Action item:
Skip all pictures, then copy the lines from the start of the data through the line with "Raluca Curelariu(USR) despre", keeping both ends.

:::

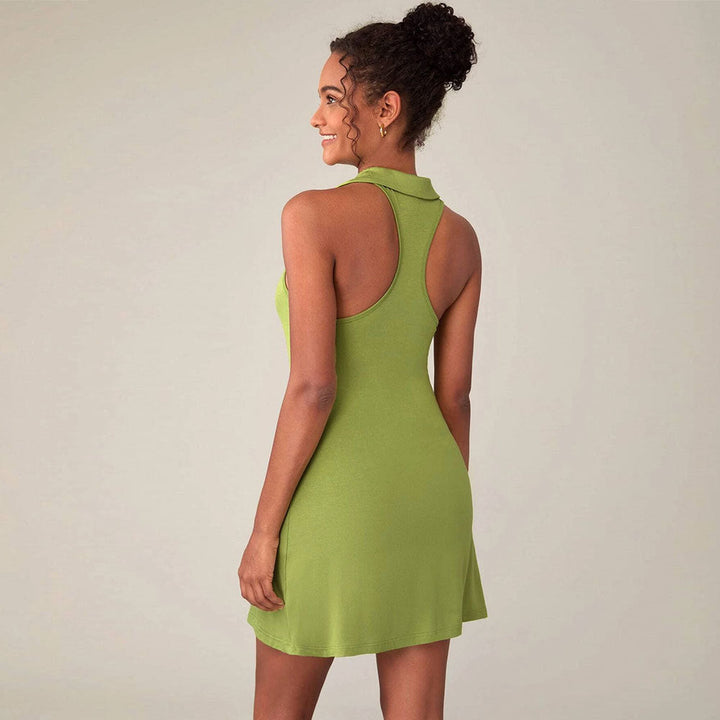 Stilla | Off-Shoulder-Kjole Mode A-Linje Fritidskjole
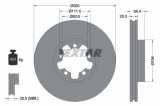 Disc frana Ford Transit, Transit Sasiu, Transit Tourneo Motor 2.2, 2.2 TDCi, 2.2 TDCi 4x4, 2.2 TDCi RWD, 2.3 16V CNG RWD, 2.3 16V LPG RWD, 2.3 16V, Textar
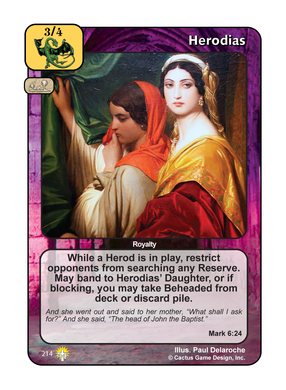 Herodias (GoC) - Your Turn Games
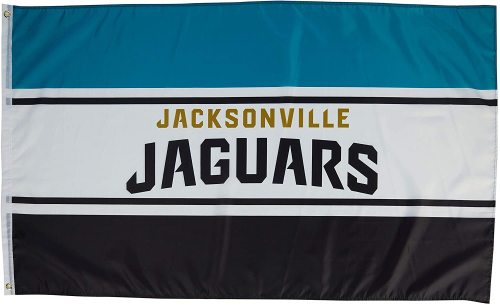 NFL Custom 90x150cm Jacksonville Jaguars flag sample fast delivery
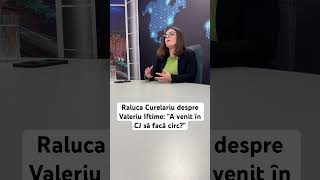 Raluca Curelariu(USR) despre Valeriu Iftime(PNL): “A venit în CJ să facă circ?”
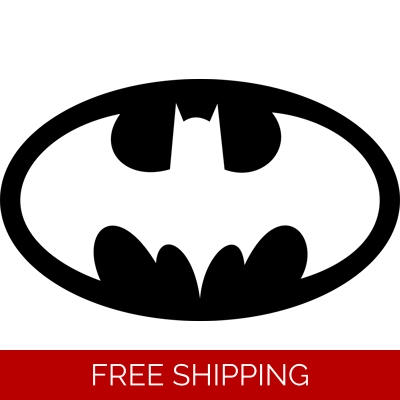 Batman Die Cut Vinyl Decal sticker Batman Die Cut Vinyl Decal sticker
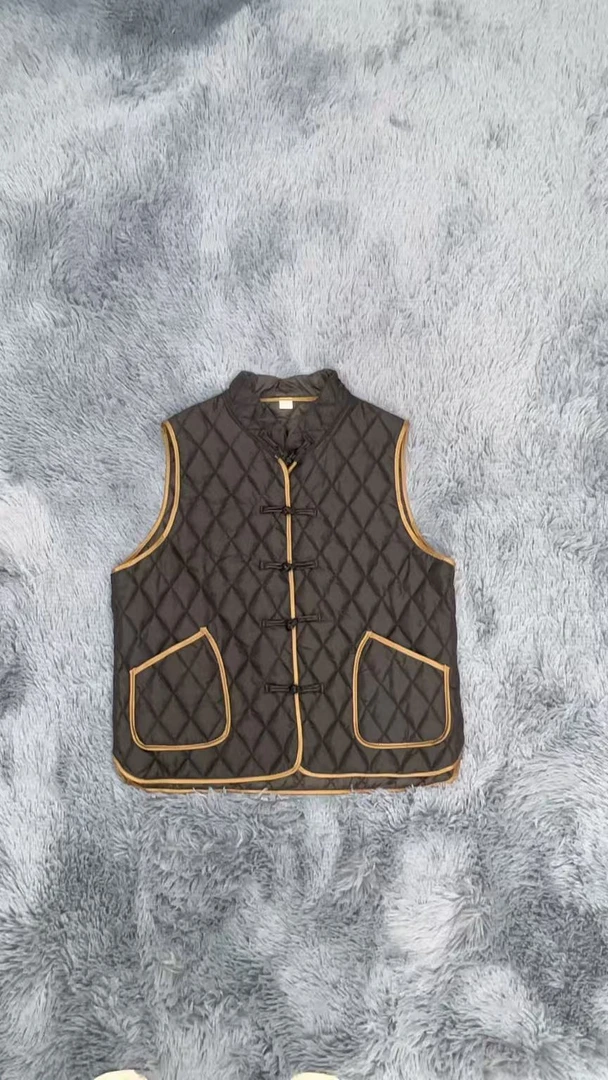 女士时尚百搭马甲 1268-1 -J(娇)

:::

Task response:
 Stilla | Off-Shoulder-Kjole Mode A-Linje Fritidskjole
 Disc frana Ford Transit, Transit Sasiu, Transit Tourneo Motor 2.2, 2.2 TDCi, 2.2 TDCi 4x4, 2.2 TDCi RWD, 2.3 16V CNG RWD, 2.3 16V LPG RWD, 2.3 16V, Textar
 Herodias (GoC) - Your Turn Games
 NFL Custom 90x150cm Jacksonville Jaguars flag sample fast delivery
 Raluca Curelariu(USR) despre Valeriu Iftime(PNL): “A venit în CJ să facă circ?”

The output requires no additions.